What you have to do =
Please copy every line of the records below that holds the word "Avenue".

Record excerpts =
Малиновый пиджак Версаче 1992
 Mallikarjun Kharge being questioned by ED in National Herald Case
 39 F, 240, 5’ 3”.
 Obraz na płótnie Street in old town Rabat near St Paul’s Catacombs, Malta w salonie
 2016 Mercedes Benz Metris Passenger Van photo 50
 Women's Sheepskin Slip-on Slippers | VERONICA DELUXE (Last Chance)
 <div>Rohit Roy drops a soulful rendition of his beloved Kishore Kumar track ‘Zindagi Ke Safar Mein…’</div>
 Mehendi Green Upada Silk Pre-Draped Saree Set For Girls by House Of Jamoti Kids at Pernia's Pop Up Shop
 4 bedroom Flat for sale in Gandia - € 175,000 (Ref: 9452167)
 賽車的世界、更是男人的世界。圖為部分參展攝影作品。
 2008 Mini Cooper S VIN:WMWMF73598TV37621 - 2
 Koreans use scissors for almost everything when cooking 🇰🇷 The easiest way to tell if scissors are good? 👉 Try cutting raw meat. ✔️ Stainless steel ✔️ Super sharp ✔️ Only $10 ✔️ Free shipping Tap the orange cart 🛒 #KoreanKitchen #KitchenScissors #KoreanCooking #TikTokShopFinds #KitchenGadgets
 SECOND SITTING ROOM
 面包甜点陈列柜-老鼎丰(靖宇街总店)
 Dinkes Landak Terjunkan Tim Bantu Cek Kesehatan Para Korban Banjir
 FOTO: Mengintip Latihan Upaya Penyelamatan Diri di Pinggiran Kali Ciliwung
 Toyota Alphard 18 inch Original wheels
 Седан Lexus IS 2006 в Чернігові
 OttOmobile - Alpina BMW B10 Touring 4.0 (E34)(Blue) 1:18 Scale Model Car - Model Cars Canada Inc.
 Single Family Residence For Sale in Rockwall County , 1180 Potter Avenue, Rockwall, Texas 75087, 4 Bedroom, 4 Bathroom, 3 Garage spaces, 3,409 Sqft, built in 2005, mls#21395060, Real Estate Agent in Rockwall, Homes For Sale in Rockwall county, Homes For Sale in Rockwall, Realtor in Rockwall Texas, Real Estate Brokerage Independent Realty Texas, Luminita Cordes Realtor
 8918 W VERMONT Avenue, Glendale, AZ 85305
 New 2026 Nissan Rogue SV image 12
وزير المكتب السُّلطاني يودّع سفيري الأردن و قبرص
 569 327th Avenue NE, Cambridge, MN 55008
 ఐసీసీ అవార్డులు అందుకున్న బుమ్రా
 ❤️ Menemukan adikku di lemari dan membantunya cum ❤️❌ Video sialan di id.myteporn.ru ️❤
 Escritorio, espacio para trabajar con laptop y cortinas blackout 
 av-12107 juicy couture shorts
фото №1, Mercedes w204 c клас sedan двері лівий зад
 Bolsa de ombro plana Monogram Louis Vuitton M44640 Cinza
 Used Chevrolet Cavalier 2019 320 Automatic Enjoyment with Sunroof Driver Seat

Task output =
 Single Family Residence For Sale in Rockwall County , 1180 Potter Avenue, Rockwall, Texas 75087, 4 Bedroom, 4 Bathroom, 3 Garage spaces, 3,409 Sqft, built in 2005, mls#21395060, Real Estate Agent in Rockwall, Homes For Sale in Rockwall county, Homes For Sale in Rockwall, Realtor in Rockwall Texas, Real Estate Brokerage Independent Realty Texas, Luminita Cordes Realtor
 8918 W VERMONT Avenue, Glendale, AZ 85305
 569 327th Avenue NE, Cambridge, MN 55008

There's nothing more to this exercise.